• _Given data_:
• • • •
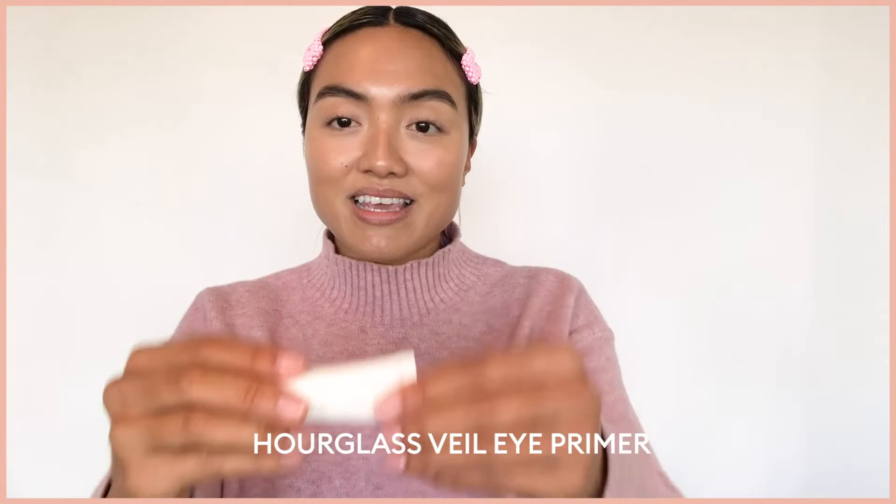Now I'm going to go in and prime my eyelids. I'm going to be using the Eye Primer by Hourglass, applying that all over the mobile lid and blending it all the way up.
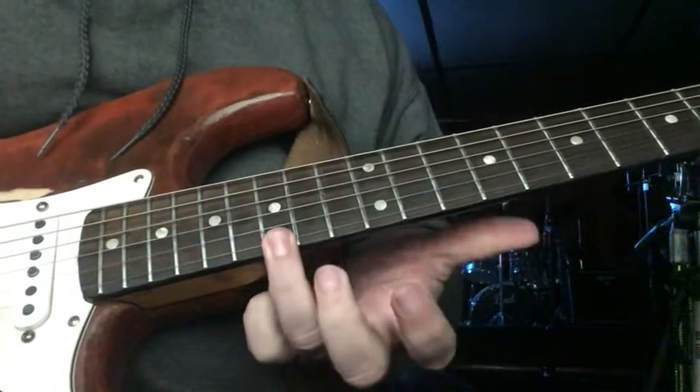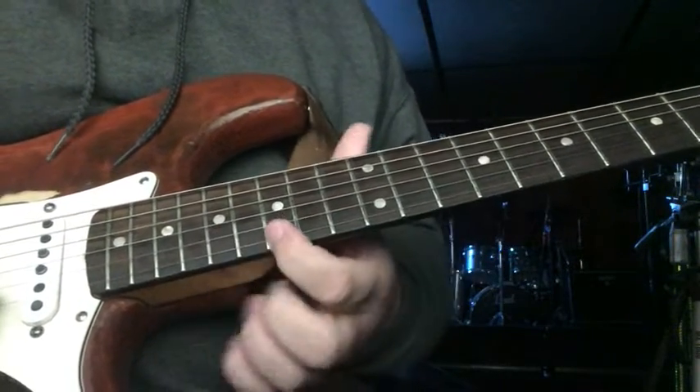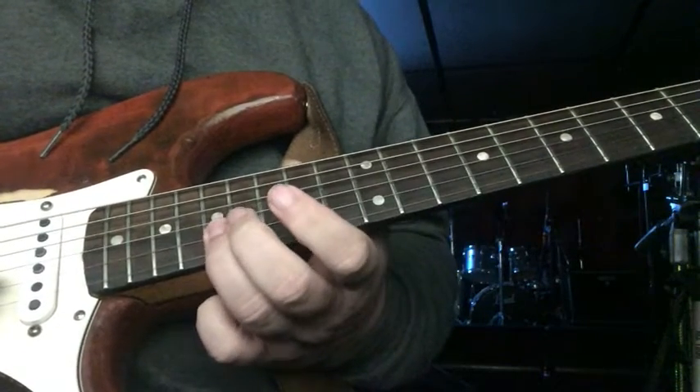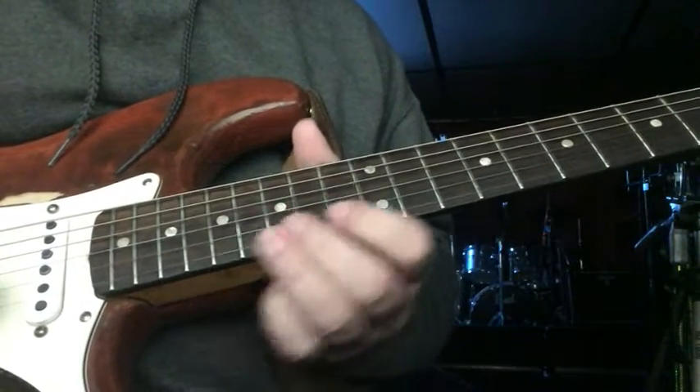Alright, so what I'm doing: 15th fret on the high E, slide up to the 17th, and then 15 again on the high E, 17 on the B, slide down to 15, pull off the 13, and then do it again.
• • • •
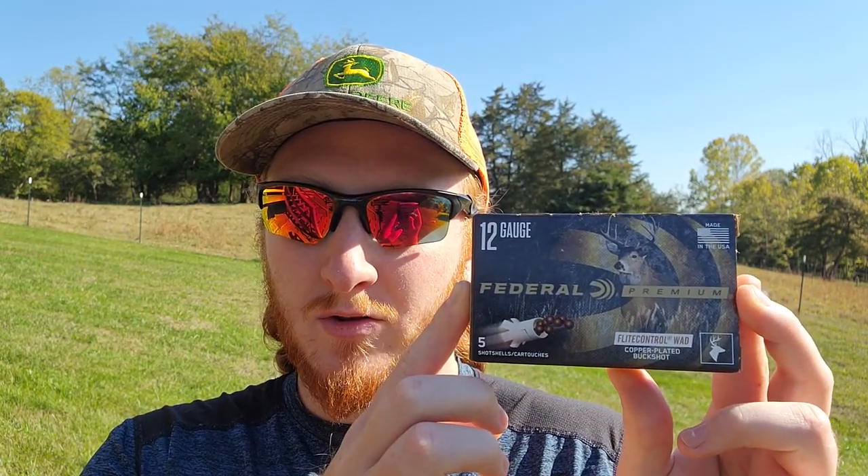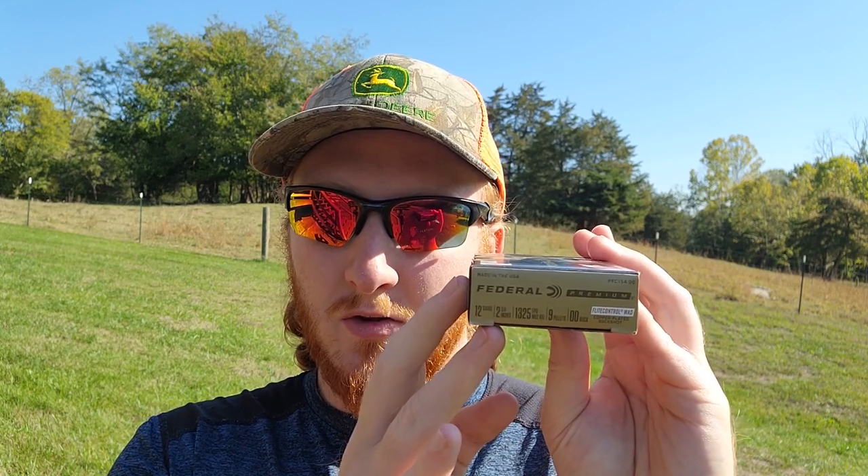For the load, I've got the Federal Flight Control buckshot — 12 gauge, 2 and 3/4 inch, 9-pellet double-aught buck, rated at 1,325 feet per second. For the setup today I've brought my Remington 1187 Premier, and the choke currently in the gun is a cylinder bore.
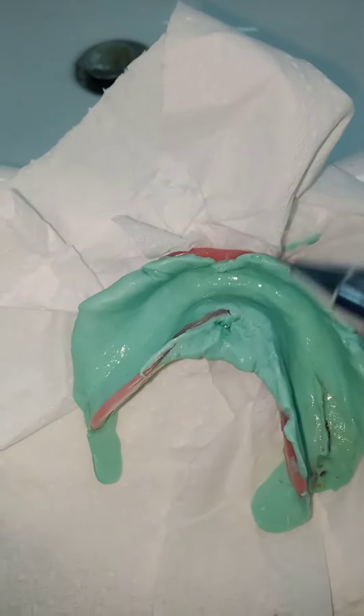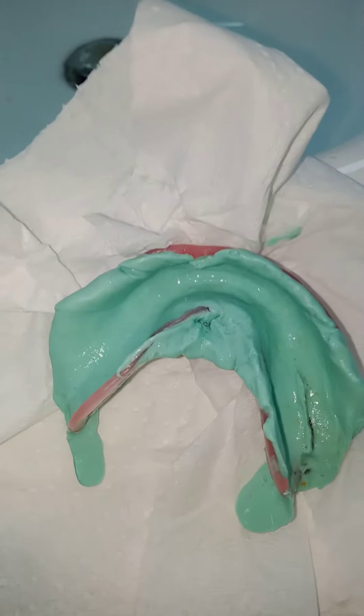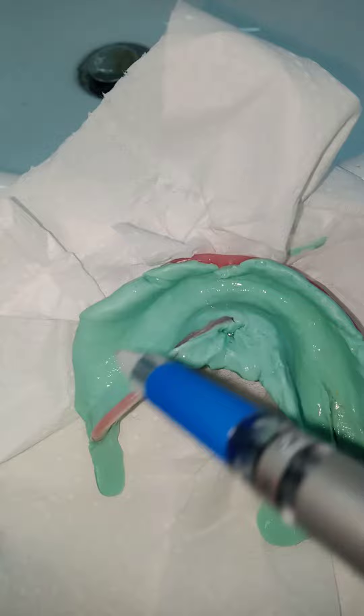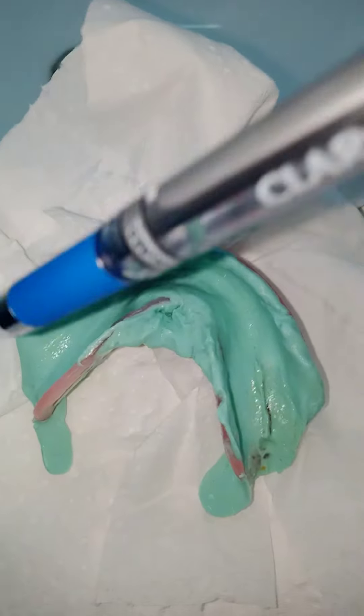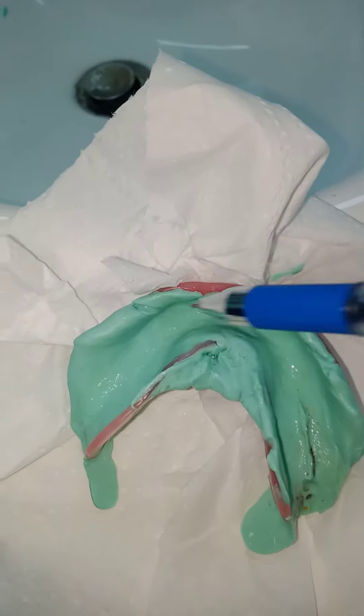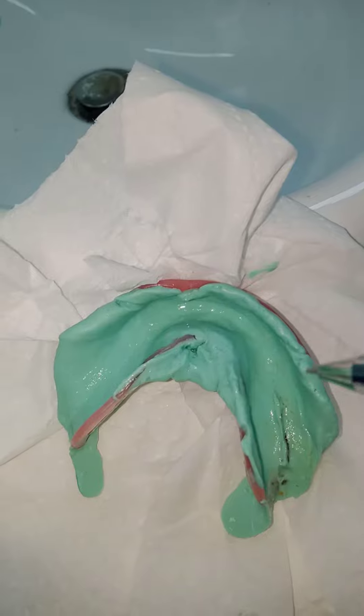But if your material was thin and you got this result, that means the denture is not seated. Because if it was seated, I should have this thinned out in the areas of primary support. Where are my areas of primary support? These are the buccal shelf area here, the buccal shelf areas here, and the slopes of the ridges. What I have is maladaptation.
• • • •
• _Exercise goal_: Between and including the line with "For the load, I've" and the line with "But if your", repeat every line exactly as it appears above, with pictures left out.

• _Solution for this problem_:
For the load, I've got the Federal Flight Control buckshot — 12 gauge, 2 and 3/4 inch, 9-pellet double-aught buck, rated at 1,325 feet per second. For the setup today I've brought my Remington 1187 Premier, and the choke currently in the gun is a cylinder bore.
But if your material was thin and you got this result, that means the denture is not seated. Because if it was seated, I should have this thinned out in the areas of primary support. Where are my areas of primary support? These are the buccal shelf area here, the buccal shelf areas here, and the slopes of the ridges. What I have is maladaptation.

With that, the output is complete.